The lines to transcribe begin with the one containing "image:imageLundberg Regenerative Organic" and end with the last line below; reproduce them exactly, without the pictures.
=== Source information ===
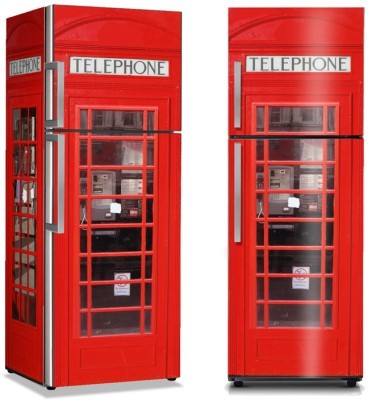 Κόκκινος τηλεφωνικός θάλαμος, Πόλεις – Ταξίδια, Αυτοκόλλητα ψυγείου, 50 x 85 εκ. (7473)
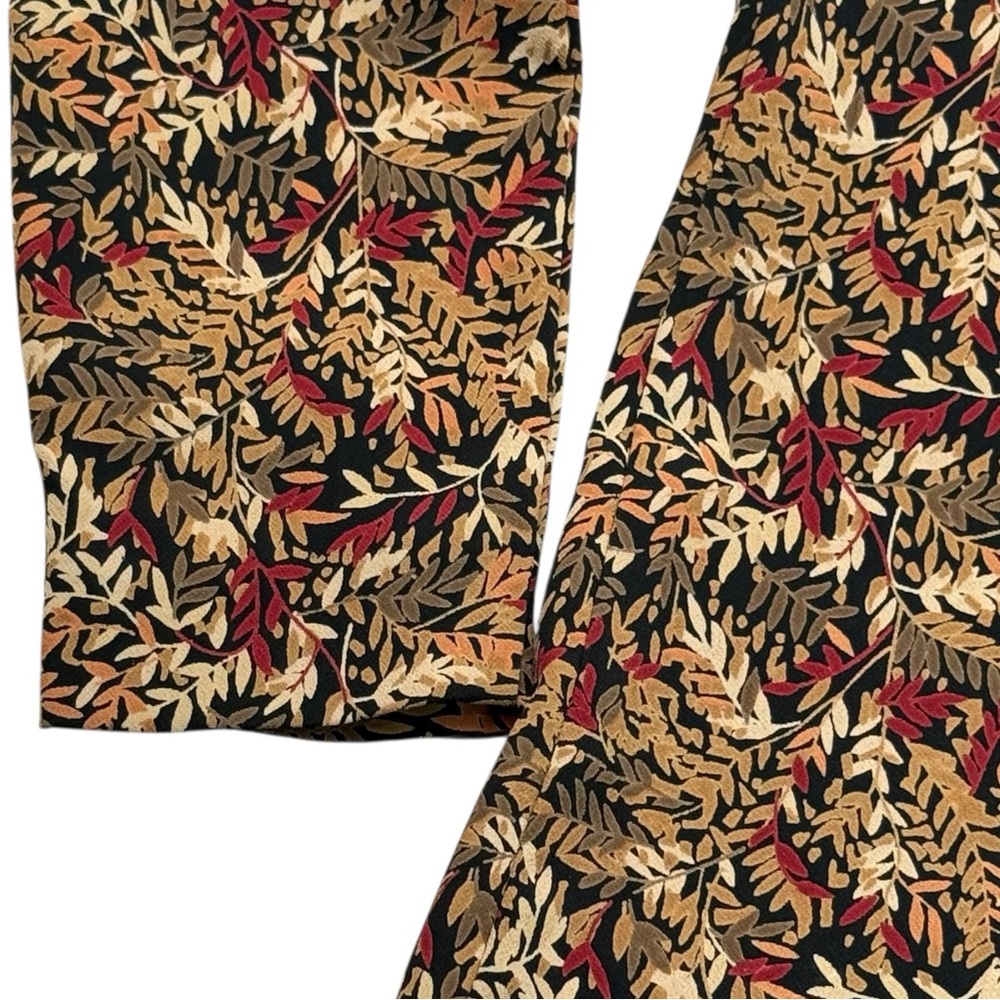 Angelica Vintage 1994 Rayon Blouse Leaf Print USA Made Black Women Sz 2 Career - Picture 10 of 10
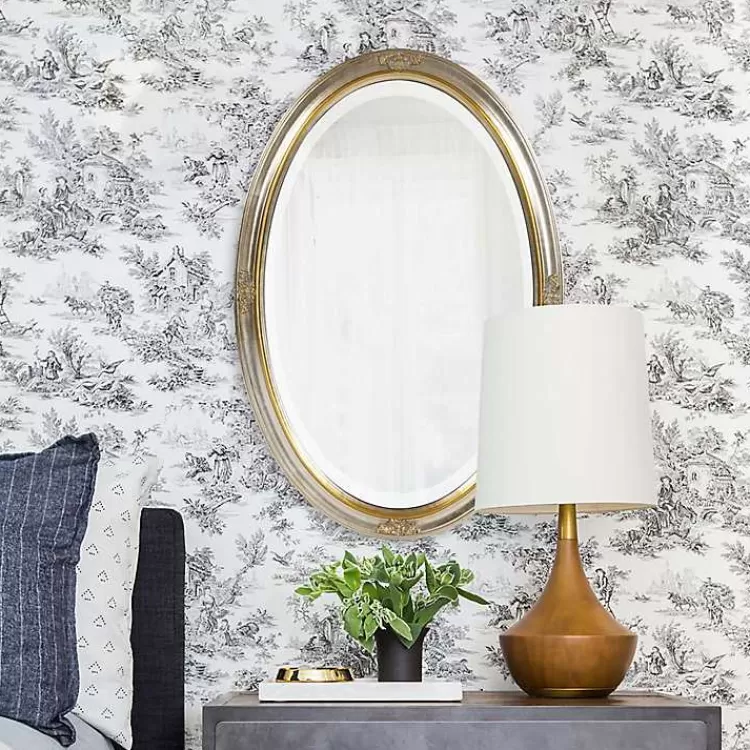 Silver and Gold Carlton Oval Wall Mirror>Kirklands Home Store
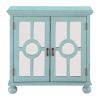 Classic Storage Cabinet 1pc Modern Traditional Accent Chest with Mirror Doors Antique Aqua Finish Pendant Pulls Wooden Furniture Living Room Bedroom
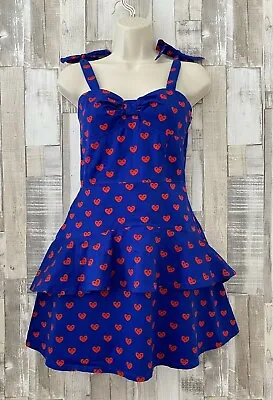 Max C London Quirky Blue Heart Print Fit & Flare Dress Size 8 • £5.90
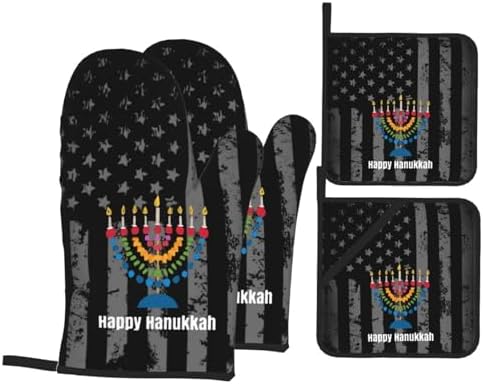 Happy Hanukkah Oven Mitts and Pot Holders Set 4 PCS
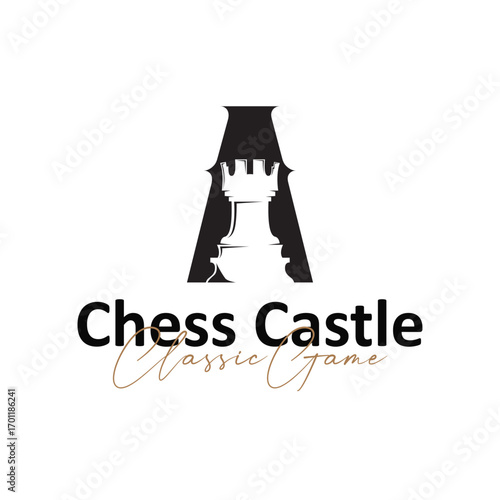 chess logo concept vintage retro game design miniature chess pawn design, silhouette concept symbol icon illustration vector and icon
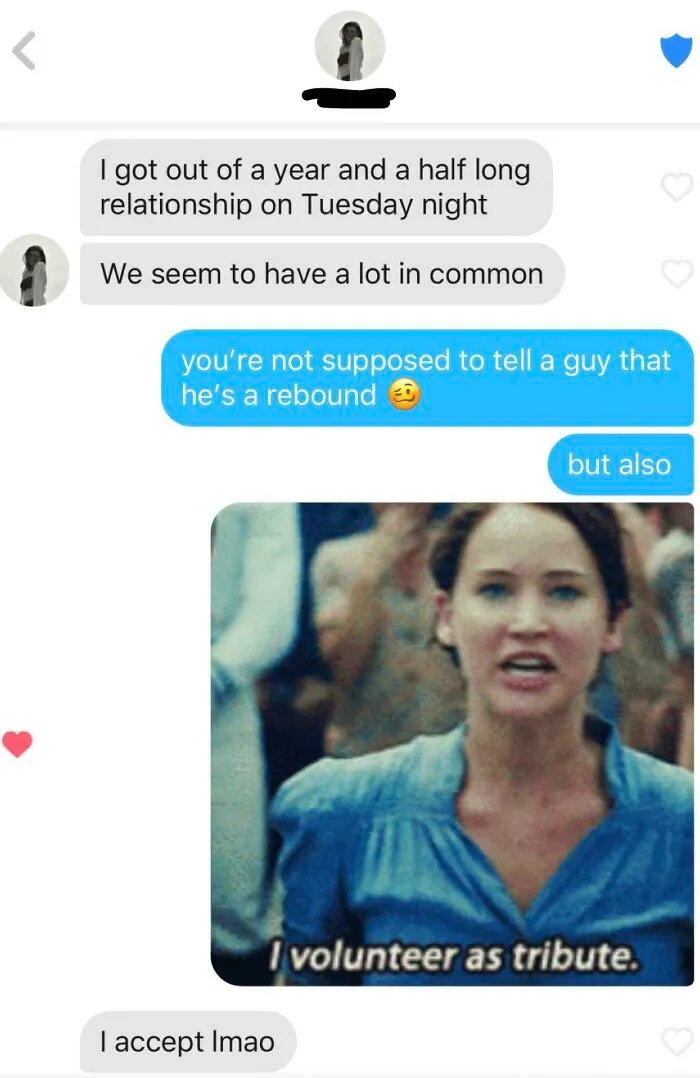 Tinder chat screenshot of people talking about breakups 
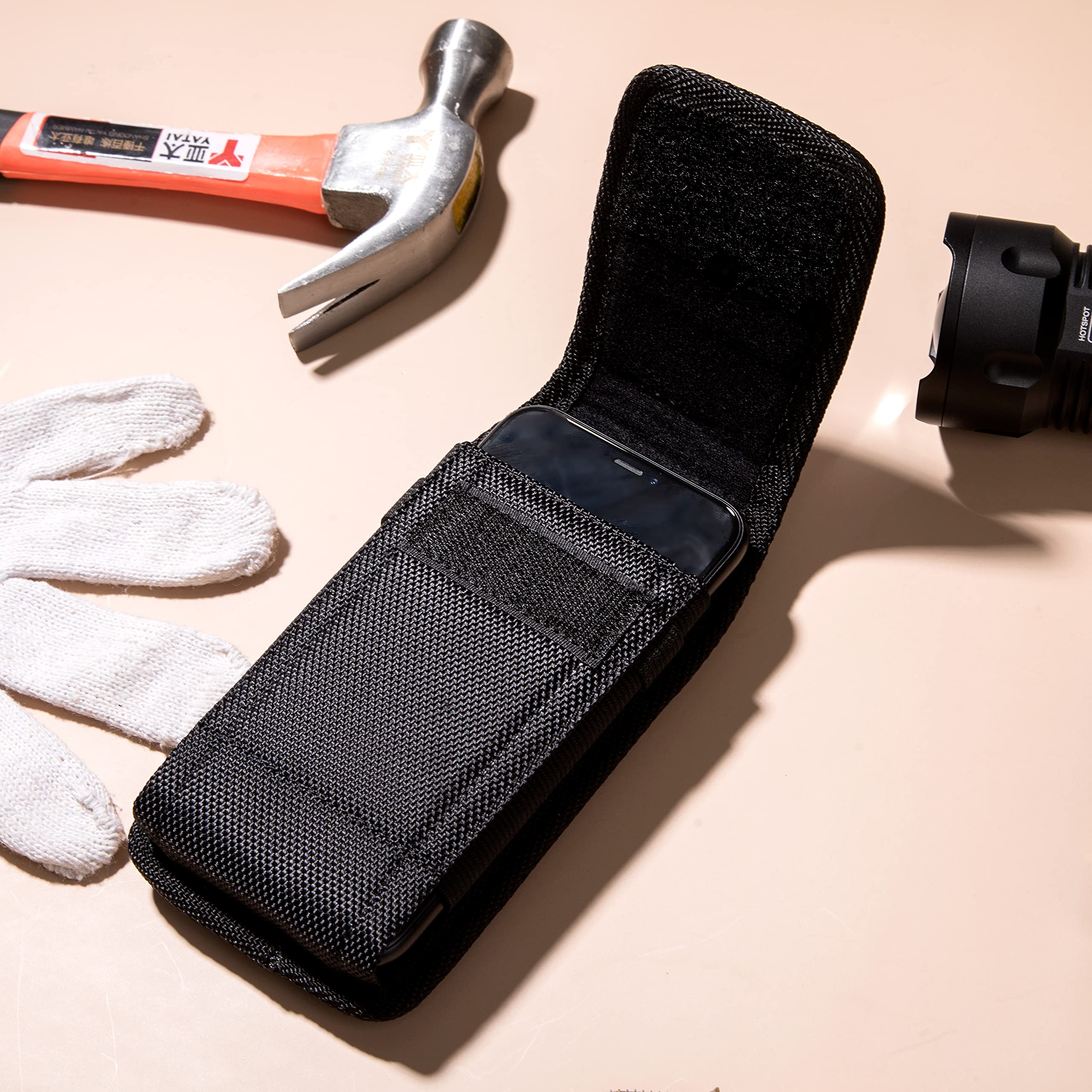 BOMEA Cell Phone Holster for Samsung Galaxy Ultra S25 S24 S23 S22 S21 and Note 20, Belt Clip Phone Case for Men, Rugged Nylon Vertical Pouch, Fits - View 4 of 7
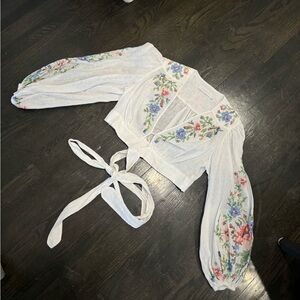 Zimmermann White Floral Embroidered Blouse
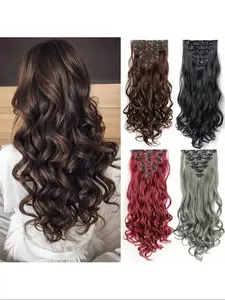 Synthetic 7pcs Hair Extensions for Women Natural Black With 16 Clips 22 Inch Wave Curly for a Full Head Look for Women and Girls Wavy Synthetic Hairpiece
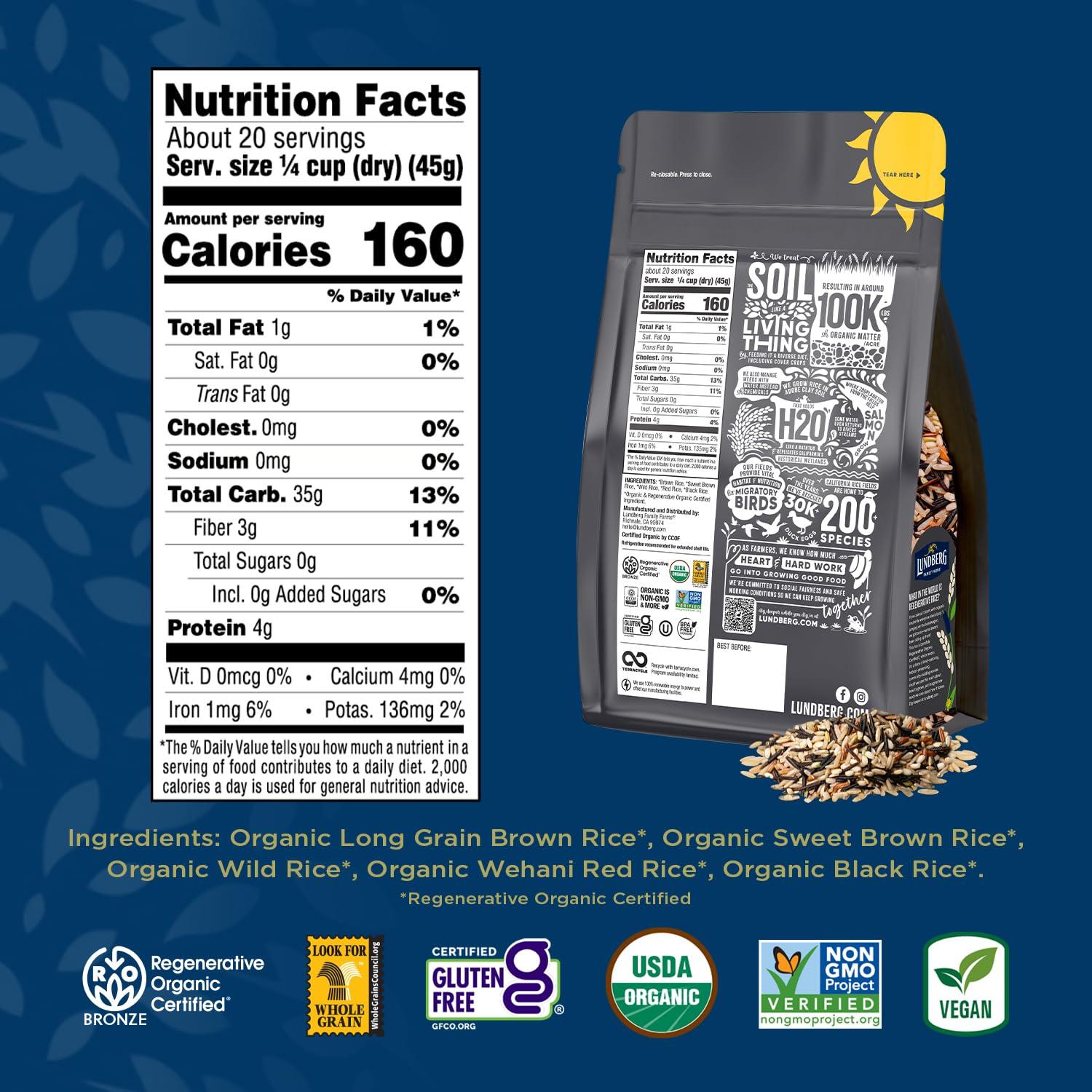 image:imageLundberg Regenerative Organic Certified Wild Blend Rice Brown Red amp Black Varieties 32 Oz32 Ounce Pack of 6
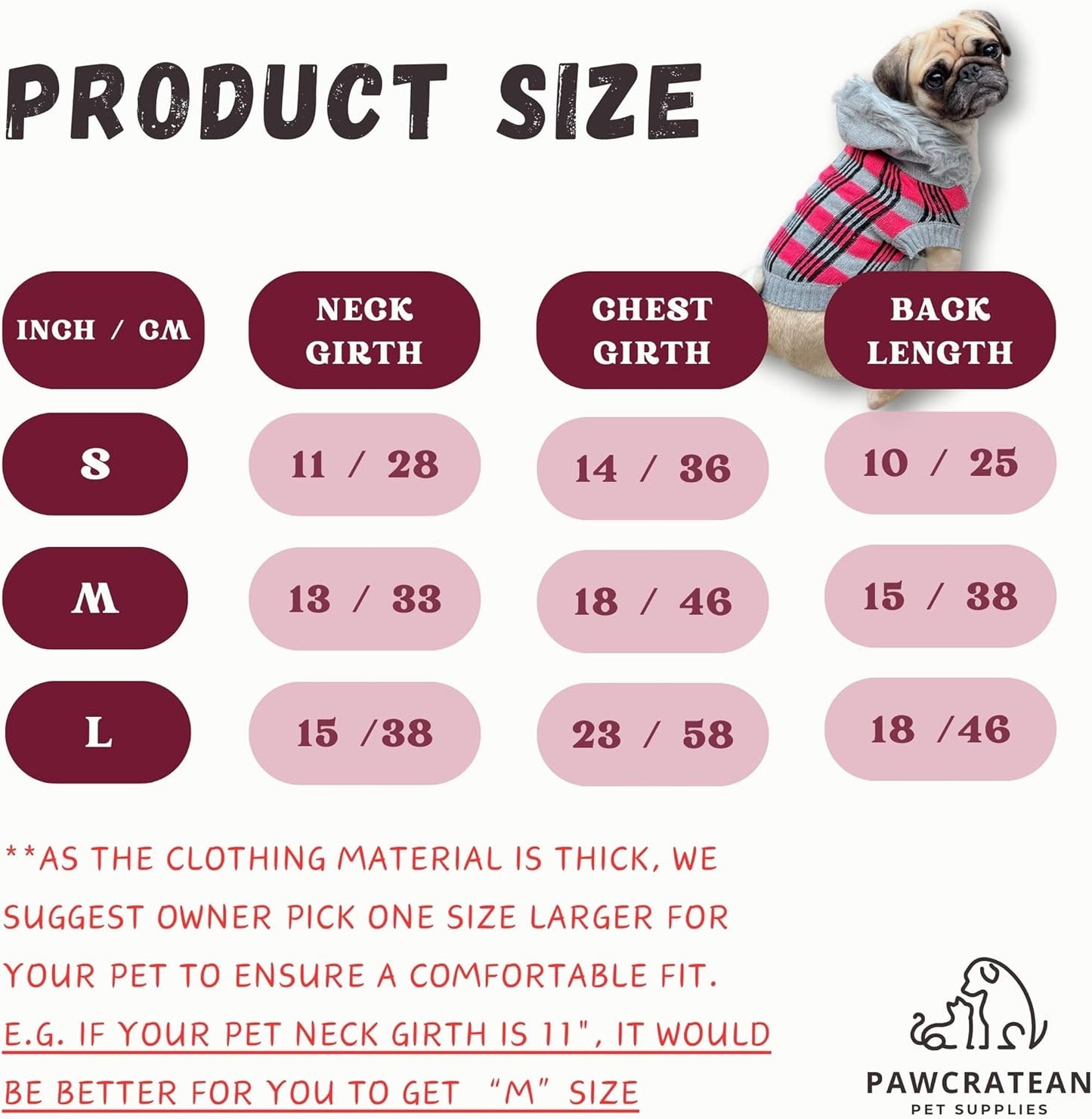 Cute Sweater for Dogs and Cats Soft Flannel Pet Outfit Warm and Cozy Animal Hoodie Small to Large Pet Clothes for Halloween Parties and Everyday Wear (Large, Pink Checkered with Hat)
===
# Solution
 image:imageLundberg Regenerative Organic Certified Wild Blend Rice Brown Red amp Black Varieties 32 Oz32 Ounce Pack of 6
 Cute Sweater for Dogs and Cats Soft Flannel Pet Outfit Warm and Cozy Animal Hoodie Small to Large Pet Clothes for Halloween Parties and Everyday Wear (Large, Pink Checkered with Hat)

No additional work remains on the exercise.